By Steve Hubrecht
The Columbia Valley was a winter wonderland through much of November and December but several freeze-thaw cycles since have turned light piles of pillowy whiteness into a crusty, melded mush of ice and snow. It’s still winter, just a different stage of it. And it’s still snow, just a different type of it.
But the conditions lately have left local residents grumbling about snow removal — or lack thereof.
The topic comes up every winter, especially when temperatures repeatedly dip above and below the freezing point, and this year is no exception. Two local residents spoke to the topic at the first Invermere council meeting of the new year and both raised legitimate points of concern.

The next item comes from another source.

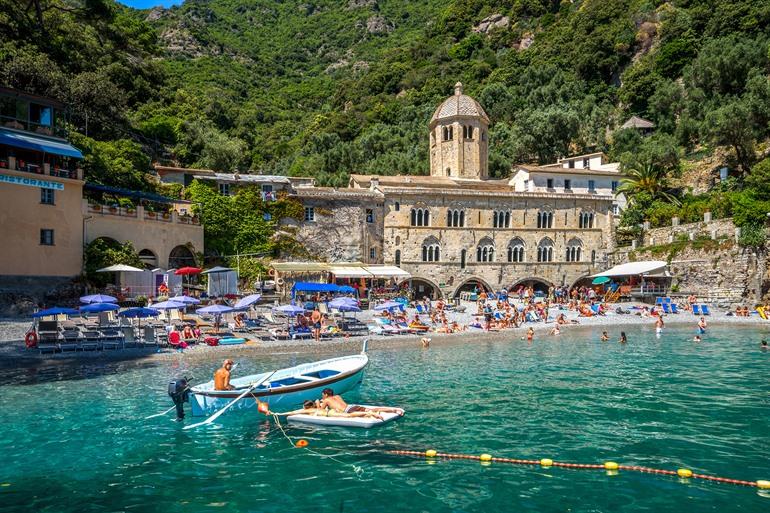 Das Kloster San Fruttuoso in Portofino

“Snow removal is always a pinch for people with mobility challenges,” said Invermere resident, Tanelle Bolt. Bolt uses a wheelchair and started by commending the district for cutting its curbs last year to make them more accessible, but then added that “unfortunately at the moment, every single curb in Invermere is full of ice”.

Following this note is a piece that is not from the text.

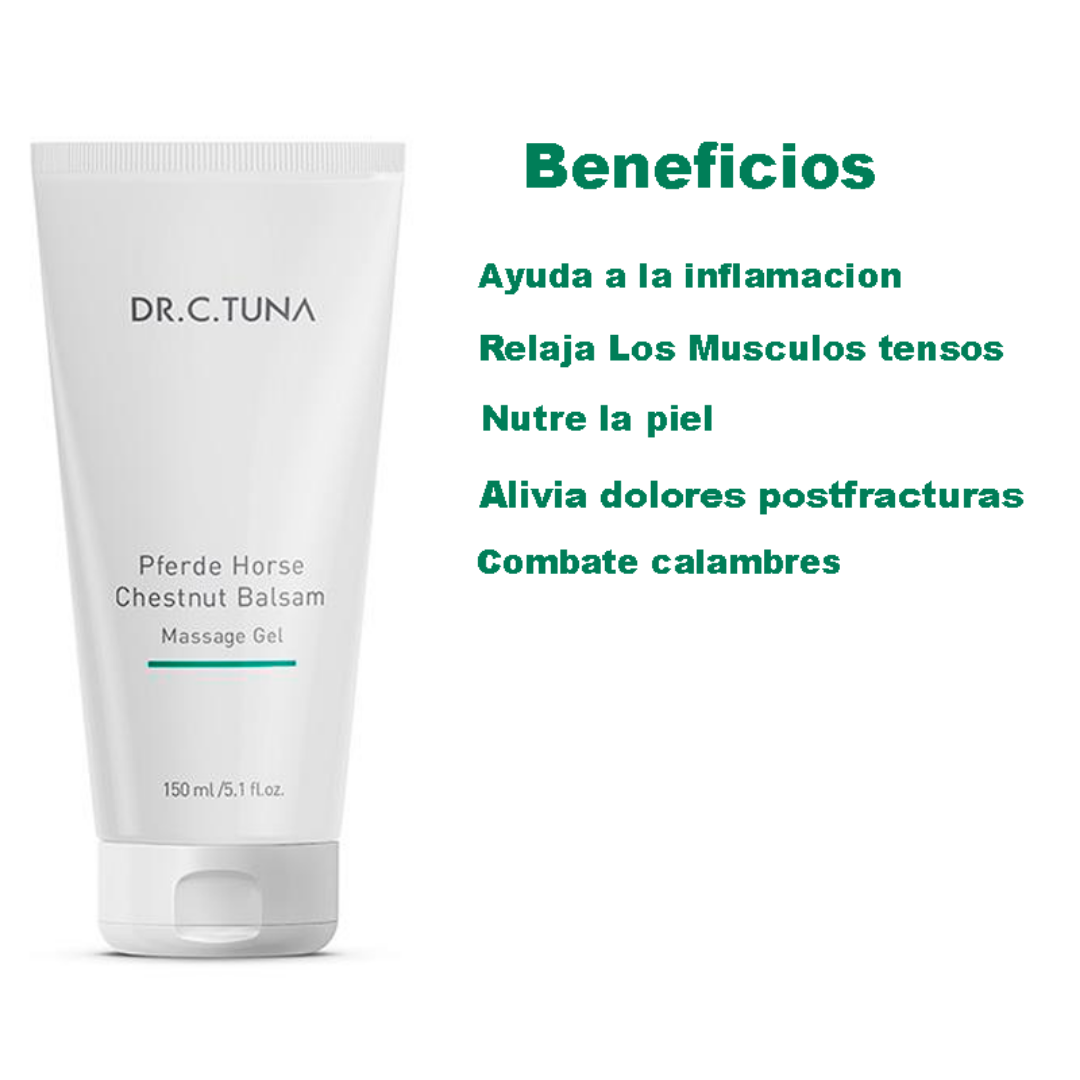 Gel de Masajes Castaña de Indias Dr. C. Tuna – 150ml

She sought clarification on where exactly the responsibility for clearing downtown sidewalks of snow and ice lies — is it with the district or with businesses that front onto the sidewalk? She suggested that “in the future, if there is something that could be written about it into a bylaw about snow removal, that may help”.
Invermere resident, Richard Unger, then stood to address council, pointing to the situation on the east side of 7th Avenue (Invermere’s main street) on the block stretching from 13th Street to 14th Street. Snow has been pushed off the main part of the sidewalk, said Unger, but not entirely removed, creating an 18 inch high mound of frozen snow running along much of the block, at the edge of the sidewalk, where it meets the road.
“I watched people helping an elderly person over this mound to get to their vehicle, parked in the road, just on the other side of the mound.” said Unger. He added it was nice of citizens to help out, but really they had no choice except to otherwise let the senior walk all the way to the end of the block to get around the frozen snow barrier, and then walk right in the roadway all the way back to the park vehicle.
He urged the district to do tweak its snow removal practices to avoid such mounds.